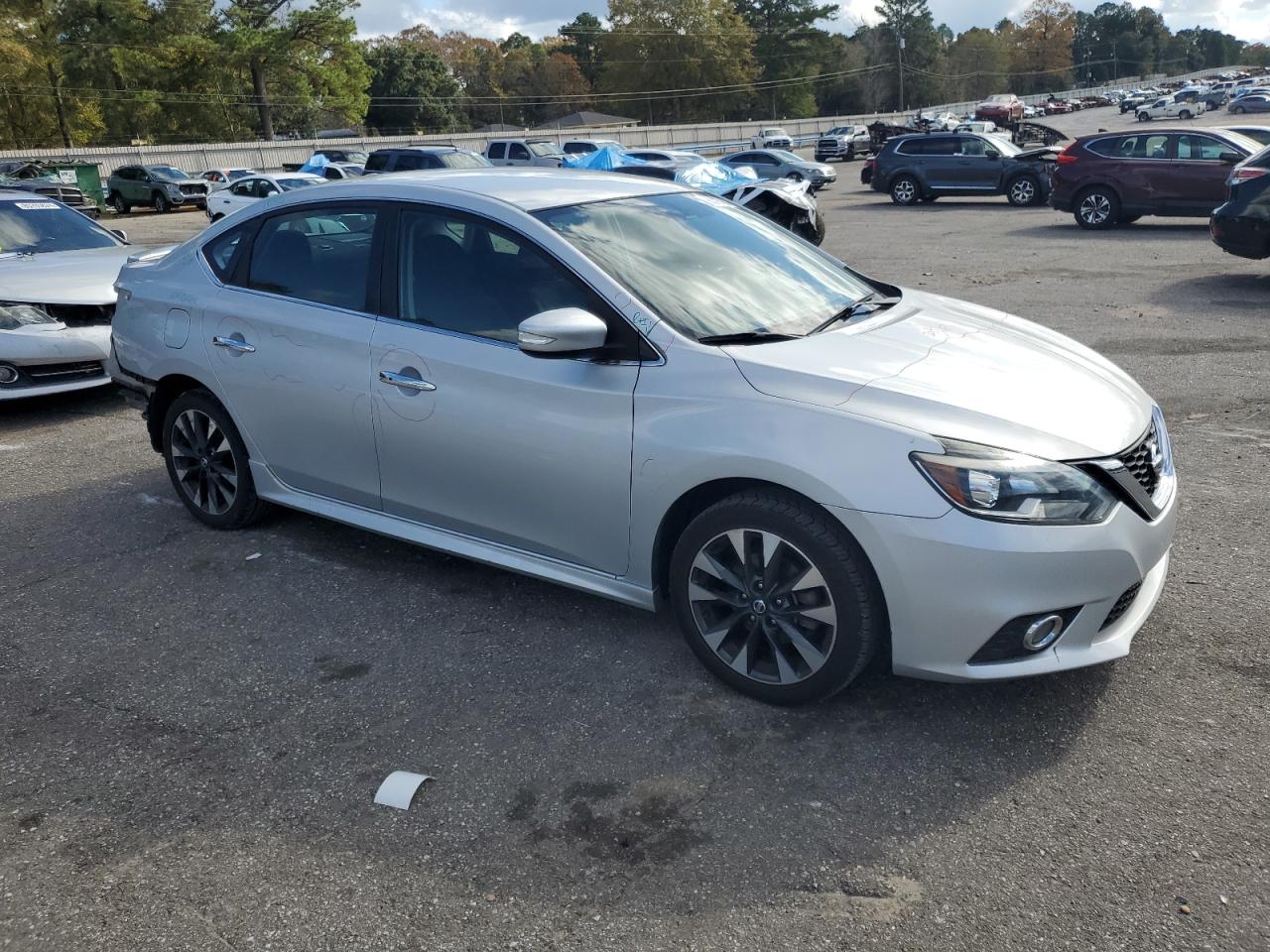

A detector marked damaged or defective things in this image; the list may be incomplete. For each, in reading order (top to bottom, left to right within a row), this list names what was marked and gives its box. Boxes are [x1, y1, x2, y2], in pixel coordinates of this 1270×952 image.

damaged vehicle [0, 191, 167, 401]
damaged vehicle [564, 146, 826, 242]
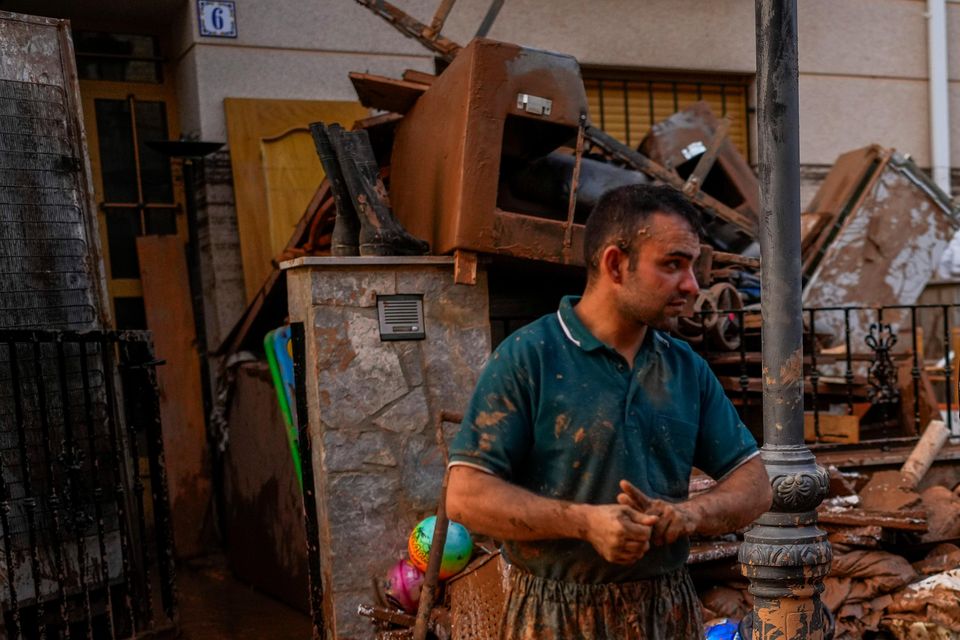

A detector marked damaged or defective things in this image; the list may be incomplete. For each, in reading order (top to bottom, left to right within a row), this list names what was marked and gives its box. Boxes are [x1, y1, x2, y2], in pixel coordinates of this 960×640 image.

rusty metal furniture [390, 38, 592, 264]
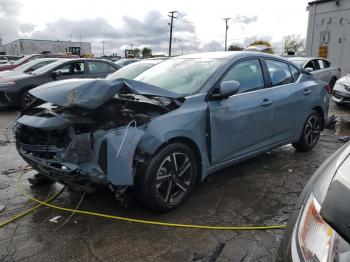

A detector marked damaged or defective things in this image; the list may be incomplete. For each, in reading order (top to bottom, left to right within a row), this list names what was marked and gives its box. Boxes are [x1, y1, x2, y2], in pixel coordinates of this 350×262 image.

destroyed hood [30, 77, 182, 109]
damaged nissan sentra [14, 52, 330, 212]
broken headlight assembly [292, 191, 350, 260]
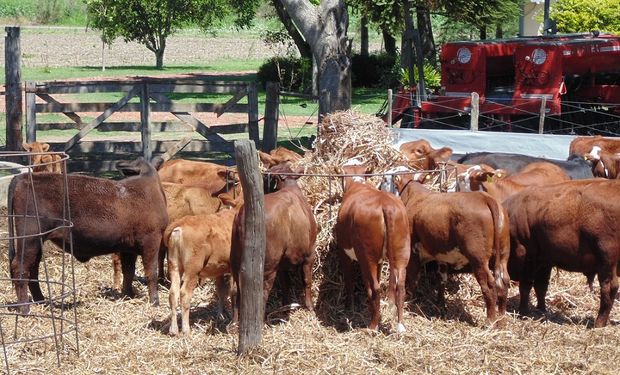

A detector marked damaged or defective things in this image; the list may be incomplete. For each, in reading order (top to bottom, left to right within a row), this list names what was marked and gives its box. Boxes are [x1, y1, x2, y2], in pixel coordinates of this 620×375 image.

post with rusty wire [4, 26, 23, 153]
post with rusty wire [262, 81, 280, 153]
post with rusty wire [235, 140, 266, 356]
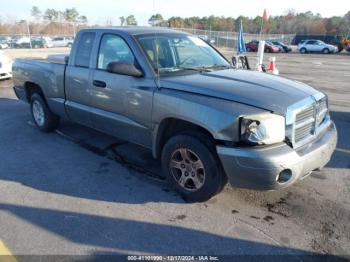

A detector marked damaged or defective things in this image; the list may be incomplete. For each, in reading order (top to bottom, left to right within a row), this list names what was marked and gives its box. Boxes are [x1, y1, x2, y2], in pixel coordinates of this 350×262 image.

damaged headlight [242, 112, 286, 145]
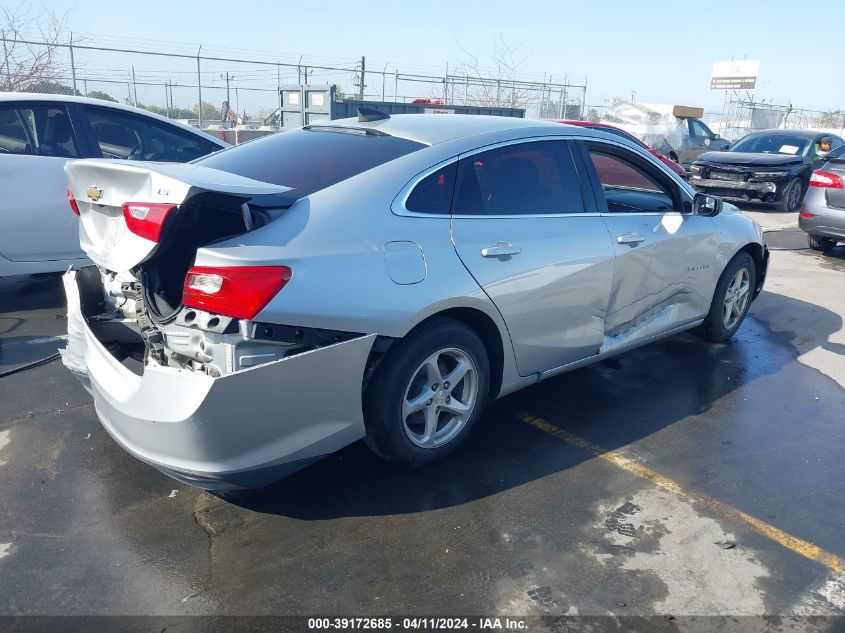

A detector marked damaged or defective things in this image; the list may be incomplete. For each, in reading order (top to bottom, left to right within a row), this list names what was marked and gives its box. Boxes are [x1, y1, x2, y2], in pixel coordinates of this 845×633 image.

taillight lens broken [121, 202, 176, 242]
rear bumper missing [62, 266, 372, 488]
damaged rear end of car [66, 160, 380, 492]
taillight lens broken [183, 264, 292, 318]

## What you need to do
Word for word, reproduce the listing above; no image should be carried over.

## Output of the exercise
A detector marked damaged or defective things in this image; the list may be incomplete. For each, in reading order (top to bottom, left to right within a row), this list names what was marked and gives its box. Boxes are [x1, y1, x2, y2], in pixel coordinates of this 1270×952 image.

damaged vehicle [0, 191, 167, 401]
damaged vehicle [564, 146, 826, 242]

A detector marked damaged or defective things in this image; the list may be incomplete. For each, in reading order (top to bottom, left to right within a row), this list names what was marked and gives its box. Boxes are [x1, y1, x2, y2], in pixel coordinates of this 960×640 image.

rusty metal furniture [390, 38, 592, 264]

A detector marked damaged or defective things in this image; the list may be incomplete. For each, in reading order (top to bottom, left to right within a row), this list names what was marked and gives its box. Boxes are [x1, y1, x2, y2], in pixel coordinates of this 350×262 image.

destroyed hood [30, 77, 182, 109]
damaged nissan sentra [14, 52, 330, 212]
broken headlight assembly [292, 191, 350, 260]

A detector marked damaged or defective things in this image; the list may be incomplete. For each, in reading order (top to bottom, left to right within a row), this list names what was marked and gives its box. Boxes are [x1, y1, x2, y2], in pixel coordinates of this 620×375 image.

post with rusty wire [4, 26, 23, 153]
post with rusty wire [262, 81, 280, 153]
post with rusty wire [235, 140, 266, 356]

A detector marked damaged or defective things in this image; the list may be incomplete. For each, in reading order (top to bottom, left to right within a row), this list names what was marked and gives its box. Boxes are [x1, y1, x2, y2], in pixel coordinates of this 350×262 image.

damaged headlight [242, 112, 286, 145]

A detector marked damaged or defective things in this image; the list may be incomplete. For each, in reading order (top to bottom, left to right within a row), this list names what was marked and gives its box. Boxes are [x1, y1, x2, y2], in pixel coordinates of this 845×633 image.

taillight lens broken [121, 202, 176, 242]
rear bumper missing [62, 266, 372, 488]
damaged rear end of car [66, 160, 380, 492]
taillight lens broken [183, 264, 292, 318]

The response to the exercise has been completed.